Swiss Grid Operations Meeting on 2016-05-12 at 14:00
Site status
CSCS
SYSTEM
CONFLICT original 8:
SYSTEM
CONFLICT version new:
SYSTEM * Accounting numbers (from scheduler) from last month * IB eth bridges replaced
CONFLICT end
- A few IB QDR switches replaced with FDR switches
- Compute nodes re-installed
- CSCS Central puppet
- CSCS LDAP for users
- CSCS NFS for home
- ARC CE fresh installed with the following queues:
- arc01 64nodes (sandy bridge nodes, 64GB ram, 32 cores)
- arc02 48 nodes (ivy bridge nodes, 128GB ram, 40 cores)
- arc03 40 nodes (haswell nodes, 128GB ram, 48 cores) soon updated to v4
- CREAM01/02/03: reviewing accounting before final shutdown
- All Virtual machines are running on CSCS central VMware
- CMS re-installation to be planned with Puppet base installation (Firewall, Users, Grid Certificates, ..)

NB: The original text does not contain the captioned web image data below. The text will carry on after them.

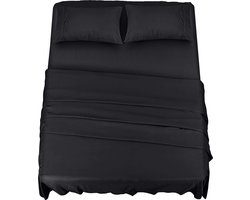 4-Delig Beddelakenset (Voor Beddenmaat 180x200 cm, Zwart) - Polyester Microvezel Stof - 1 Hoeslaken & Vlakke laken met 2 Kussenslopen 50x75 cm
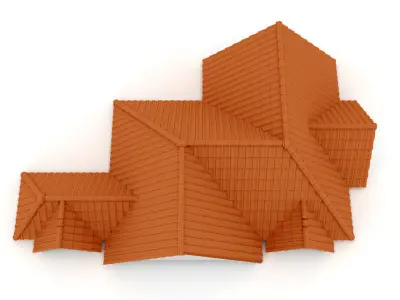 Realistic Roof Shingles 16 3D model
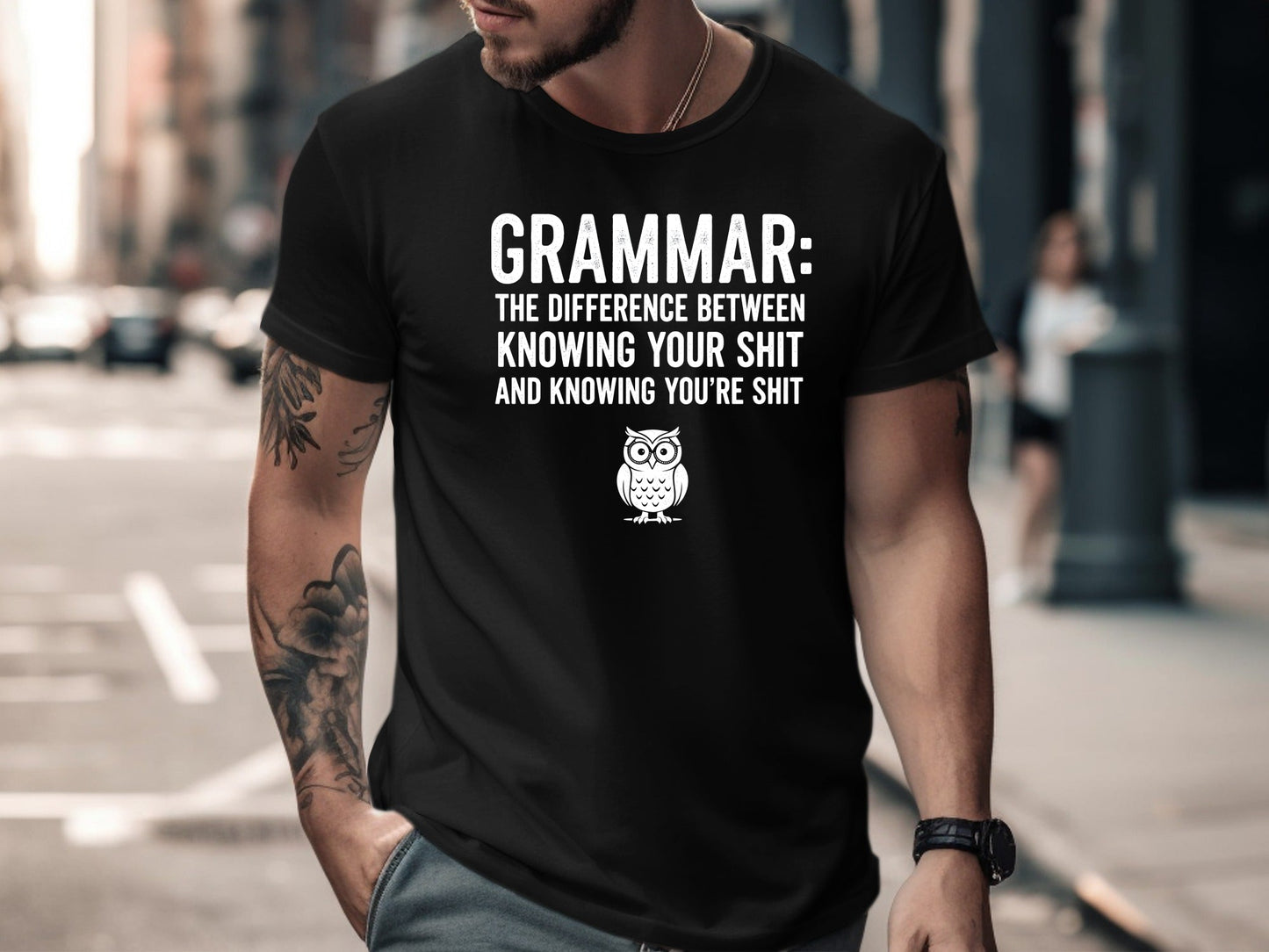 The Grammar Police Owl Funny Quote T-Shirt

- Current allocation over 90%
- Allocation problems on the old 64GB RAM nodes (arc01 queue)
STORAGE
- GPFS
- Few weeks ago we reached 310M of used inodes on the scratch fileset
- servers high load -> slow cleaning policy -> job problems
- filesystem stayed online
Consequence
-
- per user inode quota (50M)
- inode usage alerts
- dCache
- 9K+ active connections (record?)
- 12+GBit internet bandwith measured on the network (2x 6+Gbit)
- Real limit was about 2x8Gbit
- New limit is about 80Gbit with the new gateways
Some technical details and numbers of the new storage that will be available in the next days (1PB)
- NETAPP (0.5PB)
2xController / 4xFC16 Links / 10xLUNs / 12x6TB drives per LUN (RAID6)
Architecture
Performances (6x dd from 2 servers each on a different LUN, 3x controller)
- DDN SFA12K (0.5PB)
2x Controller / 4x Storage Processors / 4x FC16 Links (1xStorage Processor) / 24LUNs / 10x3TB drives per LUN (RAID6)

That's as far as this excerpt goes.